Muitos municípios simplesmente não dispõem mais de margem financeira para executar políticas públicas básicas, como saúde, educação, assistência social e infraestrutura. Entenda-se aqui “dificuldade financeira” como a incapacidade real de financiar as ações e serviços públicos que a população necessita e que deveriam ser garantidos de forma contínua e qualificada pelo município.
Grande parte dessa situação deriva da ampliação, no passado, das despesas obrigatórias, sem a correspondente previsão de receitas permanentes. Cargos comissionados, gratificações, excesso de horas extras e planos de cargos e salários mal estruturados, muitas vezes feitas às vésperas de eleições, aumentaram de forma descontrolada o custo fixo das prefeituras. Muitos desses atos administrativos foram claramente movidos por interesse pessoal ou político, revelando um completo descompromisso com a sustentabilidade das finanças públicas.
Outro agravante é a judicialização de direitos dos servidores. A ausência de diálogo institucional e o descumprimento da legislação por parte de alguns gestores levaram a uma enxurrada de ações judiciais que resultaram em precatórios. Está estabelecido que 2,56% da Receita Corrente Líquida dos municípios devem ser utilizados para pagamento de precatórios. Embora a medida busque dar previsibilidade ao cumprimento dessas obrigações, somada a outras vinculações constitucionais, ela tem estrangulado ainda mais a capacidade de investimento dos municípios.
Diante desse cenário, a Proposta de Emenda Constitucional nº 66, que está em discussão no Congresso Nacional, surge como uma medida de alívio fiscal. A proposta prevê o reparcelamento das dívidas previdenciárias e a flexibilização do pagamento de precatórios, o que pode criar um fôlego necessário para que as prefeituras retomem a capacidade de planejamento e execução de políticas públicas. Contudo, sua tramitação no Congresso Nacional exige atenção e pressão por parte da sociedade civil. É preciso cobrar dos parlamentares sensibilidade para com os municípios, mas também responsabilidade para assegurar que o novo espaço fiscal seja bem utilizado.
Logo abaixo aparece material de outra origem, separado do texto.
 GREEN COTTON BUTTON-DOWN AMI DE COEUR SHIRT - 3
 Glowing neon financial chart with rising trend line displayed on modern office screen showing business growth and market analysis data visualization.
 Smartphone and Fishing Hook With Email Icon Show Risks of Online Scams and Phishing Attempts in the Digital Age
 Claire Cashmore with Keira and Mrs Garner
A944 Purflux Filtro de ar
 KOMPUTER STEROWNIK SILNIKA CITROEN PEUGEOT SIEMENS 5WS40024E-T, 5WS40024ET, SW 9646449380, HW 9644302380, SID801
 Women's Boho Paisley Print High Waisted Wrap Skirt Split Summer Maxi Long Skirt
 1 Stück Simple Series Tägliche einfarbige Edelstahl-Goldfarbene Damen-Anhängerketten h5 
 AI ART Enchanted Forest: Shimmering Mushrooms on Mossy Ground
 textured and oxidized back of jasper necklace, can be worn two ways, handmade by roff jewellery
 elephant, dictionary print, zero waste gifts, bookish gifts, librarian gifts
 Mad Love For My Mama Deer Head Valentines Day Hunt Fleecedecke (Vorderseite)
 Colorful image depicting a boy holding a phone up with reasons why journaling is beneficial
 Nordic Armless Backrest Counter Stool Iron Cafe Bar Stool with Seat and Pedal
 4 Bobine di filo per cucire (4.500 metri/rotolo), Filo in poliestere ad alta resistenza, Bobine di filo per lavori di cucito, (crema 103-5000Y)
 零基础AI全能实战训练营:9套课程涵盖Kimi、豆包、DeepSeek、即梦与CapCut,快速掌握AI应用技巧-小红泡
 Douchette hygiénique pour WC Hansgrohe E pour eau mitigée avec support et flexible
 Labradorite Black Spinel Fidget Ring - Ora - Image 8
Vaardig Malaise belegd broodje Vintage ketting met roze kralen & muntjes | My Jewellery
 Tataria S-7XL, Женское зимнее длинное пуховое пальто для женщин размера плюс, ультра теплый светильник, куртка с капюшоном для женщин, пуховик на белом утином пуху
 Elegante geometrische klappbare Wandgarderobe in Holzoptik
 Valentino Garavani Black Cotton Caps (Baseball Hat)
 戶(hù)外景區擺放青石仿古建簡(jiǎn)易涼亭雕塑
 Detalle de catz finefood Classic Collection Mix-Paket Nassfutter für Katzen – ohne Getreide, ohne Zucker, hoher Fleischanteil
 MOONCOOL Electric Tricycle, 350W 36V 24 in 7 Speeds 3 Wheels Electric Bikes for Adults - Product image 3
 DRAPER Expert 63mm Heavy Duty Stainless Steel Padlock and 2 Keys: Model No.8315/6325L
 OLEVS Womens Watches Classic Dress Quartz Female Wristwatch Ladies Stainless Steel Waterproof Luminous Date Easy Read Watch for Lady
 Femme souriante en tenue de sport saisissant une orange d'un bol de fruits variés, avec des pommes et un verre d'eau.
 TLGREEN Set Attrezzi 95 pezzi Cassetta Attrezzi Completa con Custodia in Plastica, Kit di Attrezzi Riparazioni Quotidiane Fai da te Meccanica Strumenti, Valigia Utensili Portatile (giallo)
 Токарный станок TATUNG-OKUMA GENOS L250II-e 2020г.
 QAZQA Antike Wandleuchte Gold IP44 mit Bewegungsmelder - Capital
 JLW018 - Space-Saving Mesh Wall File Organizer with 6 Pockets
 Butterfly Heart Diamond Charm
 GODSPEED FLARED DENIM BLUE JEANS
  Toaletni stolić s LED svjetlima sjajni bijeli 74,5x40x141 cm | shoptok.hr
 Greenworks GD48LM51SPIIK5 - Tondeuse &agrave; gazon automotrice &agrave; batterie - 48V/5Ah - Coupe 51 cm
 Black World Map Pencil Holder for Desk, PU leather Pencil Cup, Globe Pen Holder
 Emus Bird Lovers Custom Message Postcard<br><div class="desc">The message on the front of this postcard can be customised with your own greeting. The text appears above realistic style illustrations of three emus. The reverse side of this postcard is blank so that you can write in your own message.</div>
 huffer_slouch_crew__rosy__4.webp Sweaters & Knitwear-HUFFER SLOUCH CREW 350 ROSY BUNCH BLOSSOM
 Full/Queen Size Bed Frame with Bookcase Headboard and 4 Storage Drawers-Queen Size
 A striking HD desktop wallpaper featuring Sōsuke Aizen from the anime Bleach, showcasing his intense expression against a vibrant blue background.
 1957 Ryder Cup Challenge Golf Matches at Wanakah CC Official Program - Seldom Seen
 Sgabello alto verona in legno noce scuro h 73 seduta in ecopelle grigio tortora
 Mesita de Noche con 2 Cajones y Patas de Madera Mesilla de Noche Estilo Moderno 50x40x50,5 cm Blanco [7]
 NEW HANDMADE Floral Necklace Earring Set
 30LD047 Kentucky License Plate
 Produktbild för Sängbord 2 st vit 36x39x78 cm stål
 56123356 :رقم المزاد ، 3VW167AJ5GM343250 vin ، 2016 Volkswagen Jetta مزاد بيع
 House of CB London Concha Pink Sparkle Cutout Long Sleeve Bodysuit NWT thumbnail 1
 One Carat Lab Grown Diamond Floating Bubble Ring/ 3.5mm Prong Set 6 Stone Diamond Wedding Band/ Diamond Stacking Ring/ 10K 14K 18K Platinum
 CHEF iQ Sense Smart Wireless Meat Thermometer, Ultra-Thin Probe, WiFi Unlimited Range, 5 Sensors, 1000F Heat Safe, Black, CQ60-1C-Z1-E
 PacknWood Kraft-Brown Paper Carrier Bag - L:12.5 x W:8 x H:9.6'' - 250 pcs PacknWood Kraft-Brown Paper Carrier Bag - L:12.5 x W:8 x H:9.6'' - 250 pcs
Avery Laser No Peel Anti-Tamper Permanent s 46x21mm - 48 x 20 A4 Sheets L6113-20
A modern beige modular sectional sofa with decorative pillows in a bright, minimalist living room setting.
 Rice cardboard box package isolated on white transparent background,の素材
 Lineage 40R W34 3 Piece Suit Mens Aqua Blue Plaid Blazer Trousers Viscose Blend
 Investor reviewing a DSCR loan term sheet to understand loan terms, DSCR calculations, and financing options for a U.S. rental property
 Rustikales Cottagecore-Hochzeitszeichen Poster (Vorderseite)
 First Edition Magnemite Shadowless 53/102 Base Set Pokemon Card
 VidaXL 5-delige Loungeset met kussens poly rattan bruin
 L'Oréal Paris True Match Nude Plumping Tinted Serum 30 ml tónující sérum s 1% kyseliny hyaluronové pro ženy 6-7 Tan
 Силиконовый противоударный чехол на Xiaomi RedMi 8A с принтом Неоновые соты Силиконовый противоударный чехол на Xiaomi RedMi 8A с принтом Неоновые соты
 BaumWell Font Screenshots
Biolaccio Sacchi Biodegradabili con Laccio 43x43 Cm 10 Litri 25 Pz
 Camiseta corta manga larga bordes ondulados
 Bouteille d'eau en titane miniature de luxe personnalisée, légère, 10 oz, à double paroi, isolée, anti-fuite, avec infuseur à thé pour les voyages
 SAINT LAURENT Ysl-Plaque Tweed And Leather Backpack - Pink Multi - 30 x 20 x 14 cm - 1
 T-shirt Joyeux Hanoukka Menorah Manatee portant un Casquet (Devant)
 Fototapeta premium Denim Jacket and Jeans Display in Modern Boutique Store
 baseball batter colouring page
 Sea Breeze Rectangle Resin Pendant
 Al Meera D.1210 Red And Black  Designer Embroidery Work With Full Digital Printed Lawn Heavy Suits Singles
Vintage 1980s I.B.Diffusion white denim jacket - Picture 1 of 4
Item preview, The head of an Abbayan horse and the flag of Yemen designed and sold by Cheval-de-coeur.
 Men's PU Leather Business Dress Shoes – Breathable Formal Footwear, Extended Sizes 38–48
Mais do que um rearranjo contábil, o que se impõe é uma mudança de postura na gestão pública municipal. Ética, responsabilidade e planejamento de longo prazo devem ser pilares inegociáveis de qualquer governo. E tão importante quanto olhar para o futuro é responsabilizar quem no passado agiu de forma temerária, onerando a sociedade e comprometendo a vida de milhões de brasileiros. A impunidade de más gestões perpetua a cultura do descaso com o bem público.